As is customary in tales of this nature, Bae takes subsequent to no time to find soulmates who stand by her by thick and skinny. 5-star resort worker Saira Ali (Muskkan Jaferi) is the primary. Bae items her an LV Sarah pockets, an act that seems to be a blessing in disguise in the long term.
Bae lands a job with out an excessive amount of of a wrestle at a information channel, the place she rapidly befriends a junior reporter (Niharika Lyra Dutt) who is aware of her thoughts. Just a few episodes in, she additionally makes frequent trigger with an actress (Sayani Gupta, in an prolonged cameo that makes a mark) who has a narrative to share with the world.
The women type a coven that offers them the power to navigate their very own flaws – each Bae and Saira have severe ones – and thrust back the conceited methods of Satyajit Sen aka SS (Vir Das), who hosts the channel’s principal primetime present. He’s a douchebag who hides the stink he exudes behind a veneer of corrosive cockiness. Das’s efficiency is without doubt one of the highlights of the present.
Not all the boys round Bae are despicable louts.
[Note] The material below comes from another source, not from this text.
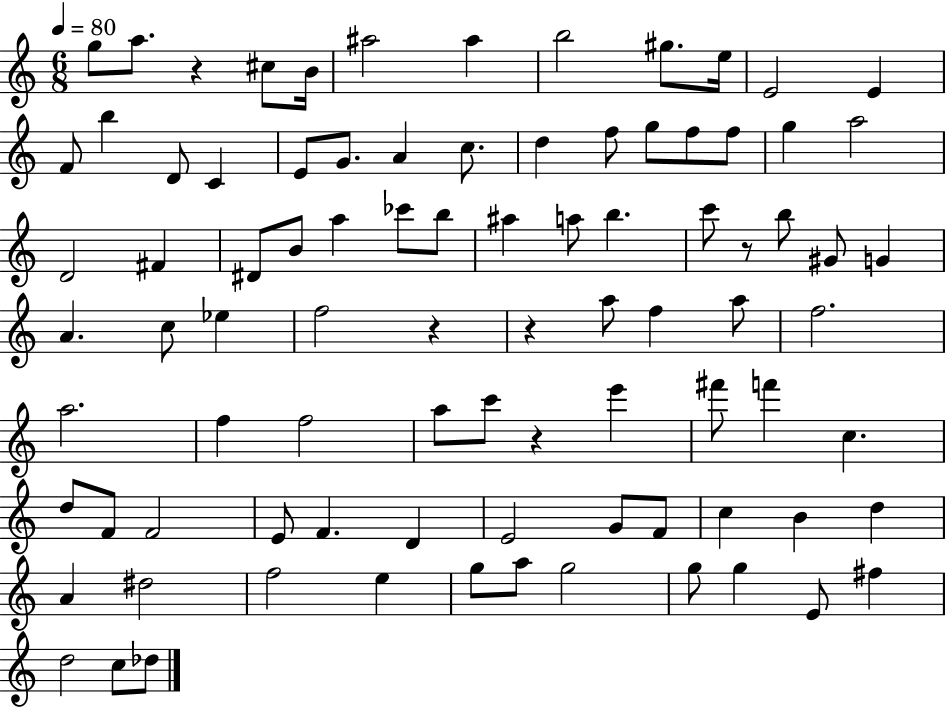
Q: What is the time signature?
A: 6/8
One in every of them, Neel N. (Gurfateh Pirzada), swears by the virtues of significant journalism and stands up towards the sensationalism that SS peddles. He instils in Bae the assumption that “the story is all the time greater than the journalist”.
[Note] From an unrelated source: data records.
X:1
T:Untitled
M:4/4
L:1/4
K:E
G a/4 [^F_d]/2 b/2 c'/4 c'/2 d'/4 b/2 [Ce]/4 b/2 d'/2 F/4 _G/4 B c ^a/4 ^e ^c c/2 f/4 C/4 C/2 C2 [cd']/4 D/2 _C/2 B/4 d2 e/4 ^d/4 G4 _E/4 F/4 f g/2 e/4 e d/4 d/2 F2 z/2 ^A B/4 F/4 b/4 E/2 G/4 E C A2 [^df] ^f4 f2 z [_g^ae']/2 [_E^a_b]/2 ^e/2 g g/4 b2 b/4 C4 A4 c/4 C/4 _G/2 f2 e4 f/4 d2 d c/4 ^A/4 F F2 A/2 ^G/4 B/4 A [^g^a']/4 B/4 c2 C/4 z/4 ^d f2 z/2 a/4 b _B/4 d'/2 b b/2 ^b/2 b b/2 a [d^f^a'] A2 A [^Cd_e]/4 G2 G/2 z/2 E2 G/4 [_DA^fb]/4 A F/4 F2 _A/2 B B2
The person who sweeps Bae off her toes and sparks bother in her paradise – superstar fitness center coach Prince (Varun Sood) – doubles up as a tech whiz and moral hacker when push involves shove. He seems to be her best ally when troubles start to pile up.
Anyone advises Bae to change off her TV set if “you’re in search of actual journalism… it is not on TV anymore”. It’s not identified whether or not Bae pays heed to that suggestion, however if you’re in search of something aside from just a few hours of frothy leisure, Name Me Bae might not be for you. A contact frivolous it could be, however the sequence definitely is not irredeemably vapid or vacuous.